The problem with data quality solutions part 3

So far in this series of articles I have discussed the failures of traditional data quality tools when it comes to matching in general and product and complex data matching in particular. However, these aren’t the only areas they fall down in: they are not very good at dealing with names either (which makes one wonder what they are good at?).

Suppose you are Chinese and you go to live in America. Do you keep your Chinese name? Do you anglicise it? If so, how? Do you reverse your names so that your forename goes first? Now consider a data quality solution trying to match in these circumstances. Or think about criminals with 30 different aliases: how do you match these names?

Fortunately, the data quality fraternity (or some of them) has owned up to this omission in its capabilities. Thus IBM bought LAS (now Global Name Recognition) and Informatica more recently acquired Identity Systems, though the other vendors in the market remain in the cold in this regard.

However, if you have read the previous articles in this series you will know that lack of ability when it comes to names is the least of my concerns when it comes to data quality and that my real worry is that all the leading products have been built using out-of-date technology that has now been superseded.

In the second article I mentioned Silver Creek, which uses a semantic approach. In particular, both of these products feature self-learning capabilities (as does Zoomix, recently acquired by Microsoft) that improve the efficiency of the match process over time while reducing the amount of human involvement that is required.

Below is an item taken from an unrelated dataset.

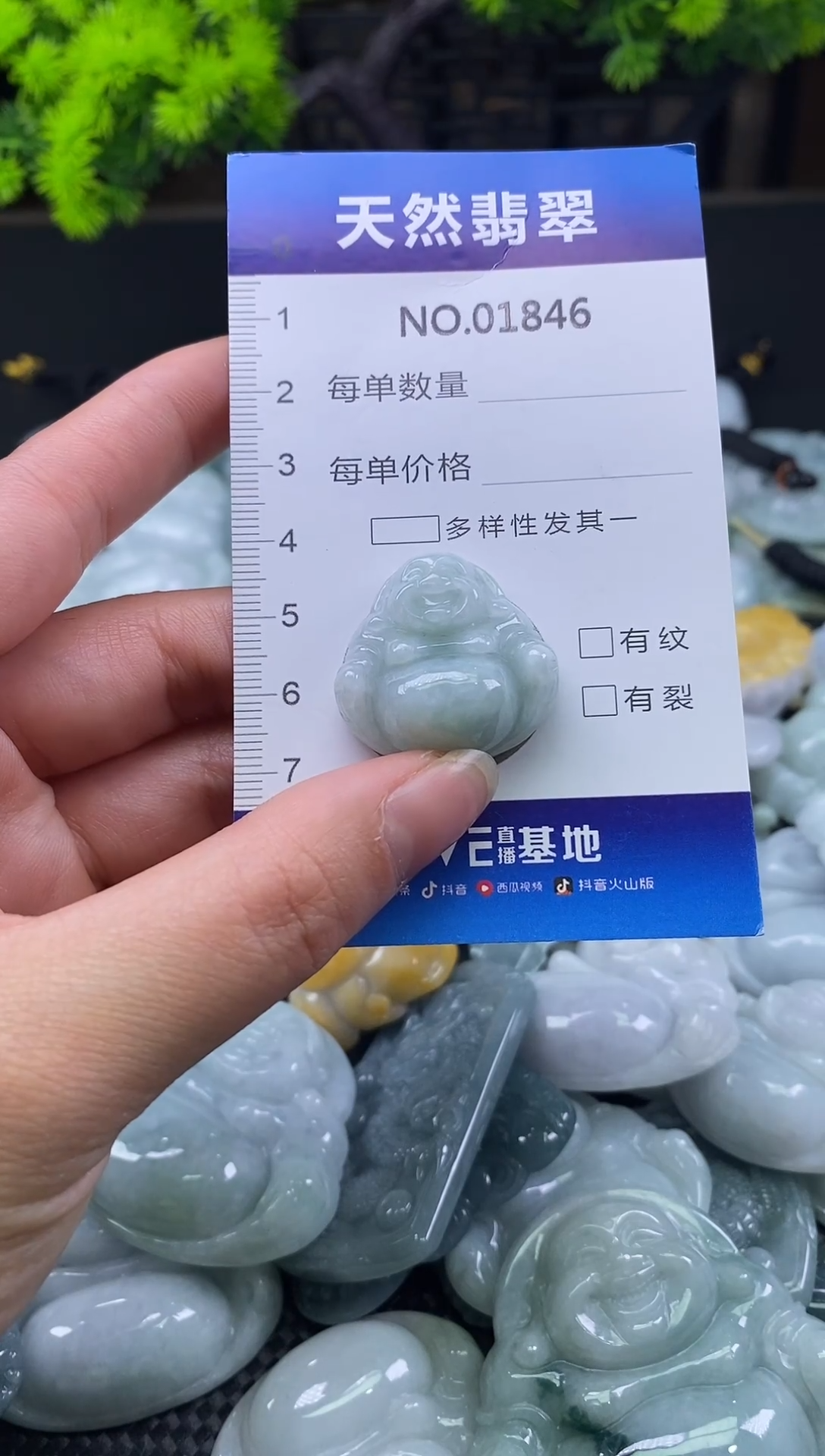 颈饰未镶嵌翡翠天然缅甸翡翠1846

It is not that these products are new—Silver Creek has been around for a number of years, Netrics has 150 odd customers—but I have now got to the point where I think we need the existing market to be radically disrupted. Current products are being incrementally improved but incremental improvements are not enough: we need dramatic improvements. Otherwise, most companies will continue to (ineffectively) use manual efforts for data cleansing because they can’t see the cost benefits (and I am not sure I can blame them) of moving to inadequate pattern-based matching products.

If data quality is the huge issue we all say it is, and it is, then we owe it to users to actually provide them with technologies that help them to resolve those problems rather than just a sop, which is what they are, in most cases, getting. Leading vendors need to recognise that the likes of Netrics and Silver Creek offer way better technology than they do and they need to buy or build comparable capability as soon as possible if they are not to continue to disappoint the market generally.